D.R.I., headed by Harvard economics Prof. Otto Eckstein has been troubled in recent weeks by a defection of seven of its top executives who reportedly are going to set up their own economic consulting firm.

McGraw Hill said that Eckstein and several other top D.R.I. officials have agreed to sell McGraw-Hill their 912,000 shares - 45 percent of those outstanding - for $50 a share.

McGraw Hill will make the same $50 offer to other holders of D.R.I. stock, which has been traded over the counter since D.R.I. went public in 1976.

D.R.I. stock climbed $14.25 a share after the agreement was announced Friday, closing at $47.25. McGraw Hil closed down 50 cents a share at $24.

Earlier this year, McGraw Hill spent million of dollars to ward off a takeover bid by American Express co.
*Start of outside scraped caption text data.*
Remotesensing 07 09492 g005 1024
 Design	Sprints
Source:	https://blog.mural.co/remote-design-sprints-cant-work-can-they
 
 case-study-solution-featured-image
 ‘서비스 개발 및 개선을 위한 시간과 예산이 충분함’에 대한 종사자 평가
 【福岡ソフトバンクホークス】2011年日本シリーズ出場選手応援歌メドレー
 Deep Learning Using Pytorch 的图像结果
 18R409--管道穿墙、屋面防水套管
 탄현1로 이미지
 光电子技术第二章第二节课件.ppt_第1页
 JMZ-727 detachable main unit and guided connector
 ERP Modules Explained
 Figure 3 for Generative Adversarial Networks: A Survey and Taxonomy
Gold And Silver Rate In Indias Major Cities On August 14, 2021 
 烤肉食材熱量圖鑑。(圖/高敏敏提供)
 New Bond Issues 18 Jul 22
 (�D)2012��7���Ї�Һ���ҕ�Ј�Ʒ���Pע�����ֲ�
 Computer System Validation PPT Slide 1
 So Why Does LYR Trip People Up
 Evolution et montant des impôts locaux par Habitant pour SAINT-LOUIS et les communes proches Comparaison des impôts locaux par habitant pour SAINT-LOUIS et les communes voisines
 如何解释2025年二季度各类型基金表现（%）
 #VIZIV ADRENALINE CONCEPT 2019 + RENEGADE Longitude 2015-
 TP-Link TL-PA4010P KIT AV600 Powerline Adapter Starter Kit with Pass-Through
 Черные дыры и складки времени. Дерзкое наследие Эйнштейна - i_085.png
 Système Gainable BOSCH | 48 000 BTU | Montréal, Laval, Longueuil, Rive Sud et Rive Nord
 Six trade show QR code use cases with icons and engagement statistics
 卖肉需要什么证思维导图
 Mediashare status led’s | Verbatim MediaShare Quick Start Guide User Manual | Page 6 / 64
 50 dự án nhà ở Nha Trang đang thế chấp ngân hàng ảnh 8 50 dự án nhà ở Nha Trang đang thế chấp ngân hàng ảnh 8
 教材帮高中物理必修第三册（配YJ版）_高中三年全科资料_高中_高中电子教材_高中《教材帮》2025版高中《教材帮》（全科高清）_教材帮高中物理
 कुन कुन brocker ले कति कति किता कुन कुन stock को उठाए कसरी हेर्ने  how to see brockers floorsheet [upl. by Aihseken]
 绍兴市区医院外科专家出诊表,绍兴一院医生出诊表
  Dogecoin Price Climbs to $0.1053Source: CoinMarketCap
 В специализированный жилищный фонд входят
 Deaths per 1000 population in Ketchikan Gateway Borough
The merger Announced today, however, is a friendly one and received unanimous approval of D.I. directors.

D.R.I. was founded in 1968 and made its mark providing monthly economic forecasts using a computer-simulated model of the economy. Eckstein's clients, which include more than half of the biggest companies in America, pay the company more than $50,000 a year for the forecast.

The company had revenues of $31.5 million. Eckstein will continue to run the company, according to McGraw-Hill.

Over the past five years, revenues have grown at a rate of more than 40 percent. D.R.I. stock split three for two in February.

Since Eckstein and his family own about 25 percent of the 2.03 million shares of D.R.I. stock, the deal with McGraw-Hill will make them millionaries many times over.

Although D.R.I. officials have admitted they were shocked by the massive defection of executives in early July, they say that the company has not been wounded bably.

Some observers have suggested that the fast growth of the company had impaired communication among executives, prompting the departures. Five marketing executives, the manager of the west coast office and two top research economists left the firm.